Portanto, concordando todos onde queremos chegar, a alta direção das organizações deve agora focar-se nos modelos de transição. Infelizmente, não basta construir planos estratégicos que definem negócios sustentáveis. É condição necessária, mas não suficiente. É necessário garantir a sua implementação. Esta é a grande lição do fracasso parcial de Paul Polman à frente da Unilever. Não basta definir propósitos ambiciosos. É preciso implementá-los.

Cada organização saberá melhor do que ninguém o caminho que deve seguir, mas há cinco passos que podem ser dados (Serafeim, 2020).

  1. Integre os princípios ESG na estratégia competitiva – Os gestores têm que definir estratégias diferenciadoras e ambiciosas que incluam os princípios ESG. Relembrando os ensinamentos de Porter (1996), que nos dizem que as empresas que têm rentabilidade acima da concorrência são as que implementam estratégias diferenciadoras e “únicas”, a alta direção deve definir essas estratégias dando um passo em frente e procurando ser diferente usando as dimensões da sustentabilidade.
  1. Identifique um propósito para a organização e crie uma nova cultura – Sem mudar a cultura organizacional, o processo de mudança pode fracassar porque não atinge os colaboradores que estão na base da organização. Portanto, a alta direção deve identificar um propósito que seja o pilar da reconstrução da cultura organizacional.
  1. Tenha indicadores de controlo da integração dos princípios ESG na organização – A implementação de uma estratégia ESG obriga a uma transformação estratégica e operacional. Para isto, ter bons indicadores e métricas ESG é fundamental. Por um lado, permite que o Conselho de Administração tenha uma avaliação clara do processo de transformação. Por outro lado, permite incluir os princípios ESG na avaliação e no sistema de incentivos dos colaboradores.
  1. Avance com alterações operacionais para garantir a concretização dos princípios ESG – Para que a transformação seja real, tem que chegar às operações diárias da organização. As operações devem estar organizadas por forma a atingirem o propósito da empresa e a responsabilidade pela sua implementação deve ser descentralizada. Todos devem ser ‘empowered’ e responsabilizados pelas transformações operacionais com vista à concretização dos princípios ESG.
  1. Assuma o compromisso da transparência – Comunique abundantemente o processo de transformação junto dos principais ‘stakeholders’, como clientes, colaboradores, fornecedores, acionistas, financiadores… É importante valorizar os efeitos positivos da empresa nas pessoas e no planeta. E ter a coragem para alterar as tradicionais análises financeiras para que sejam mais transparentes e traduzam o real impacto da organização na comunidade e no planeta. Os ‘stakeholders’ estão cada vez mais atentos aos fenómenos de ‘greenwashing’. Assim, a transparência e a ética empresarial são essenciais num verdadeiro processo de mudança.
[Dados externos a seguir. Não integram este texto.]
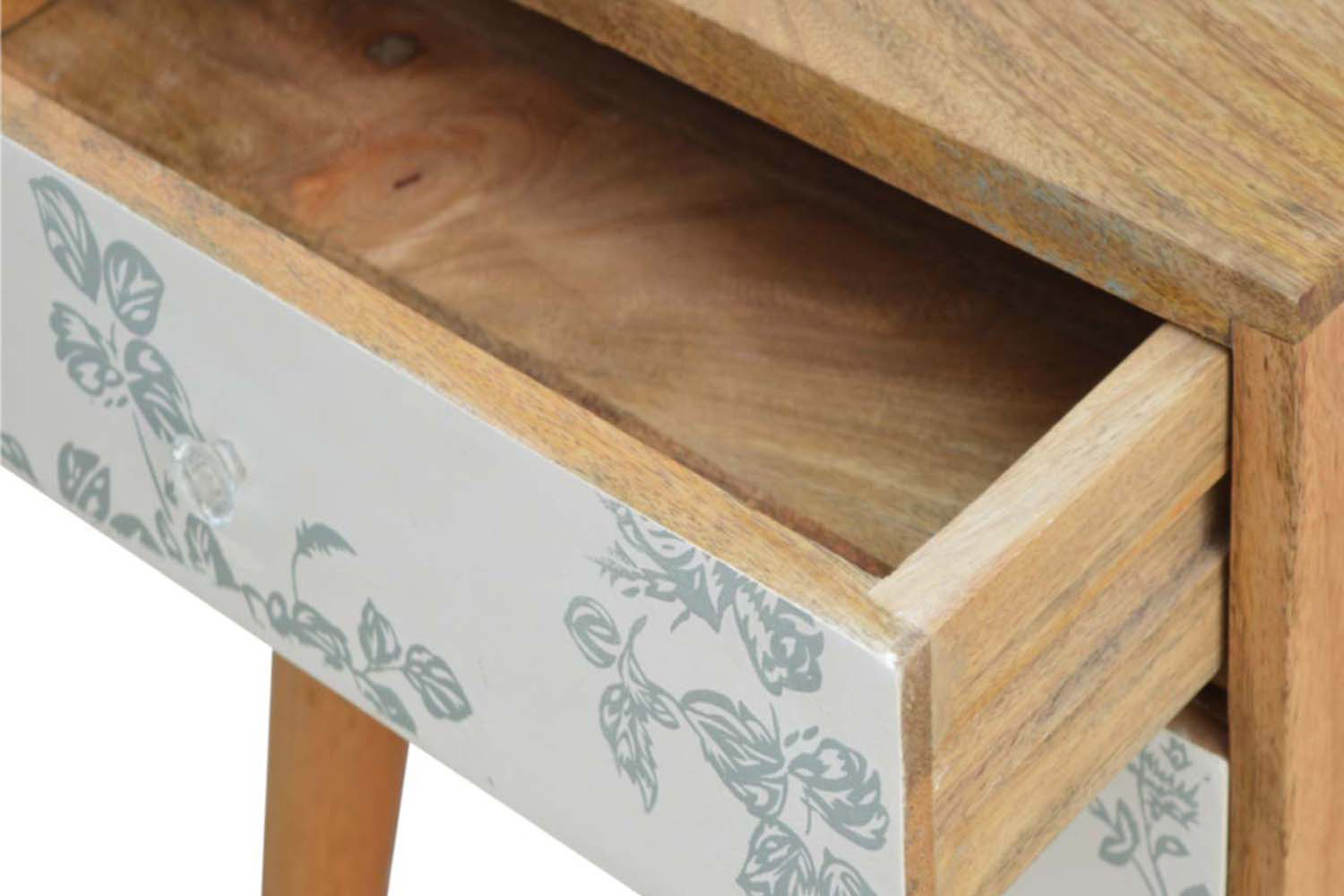 Artisan Floral Screen Printed Bedside - Green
As jornadas de transição são difíceis e complexas, por isso temos tão poucos casos de verdadeiro sucesso. Mas não são uma missão impossível. Os estudos mostram que, para se atingir o ‘tipping point’ numa indústria, tem que se reorientar cerca de 25% desse sector. Portanto, não é um valor intransponível.
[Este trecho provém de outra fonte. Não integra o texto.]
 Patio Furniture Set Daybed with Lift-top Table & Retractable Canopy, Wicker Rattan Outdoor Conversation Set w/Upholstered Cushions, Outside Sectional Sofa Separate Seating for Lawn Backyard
Como refere Paul Polman, se as empresas não estão a provocar um impacto positivo no Planeta, para que é que existem? Os gestores devem colocar os interesses dos seus filhos e dos seus netos acima da sua ganância pessoal.

Bibliografia:
Ioannou, I., & Serafeim, G. (2021). Corporate sustainability: A strategy?. Harvard Business School Accounting & Management Unit Working Paper.
Porter, M. (1996). What is strategy?. Harvard Business Review, 74(6): 61-78.
Serafeim, G. (2020). Social-Impact Efforts That Create Real Value. Harvard Business Review.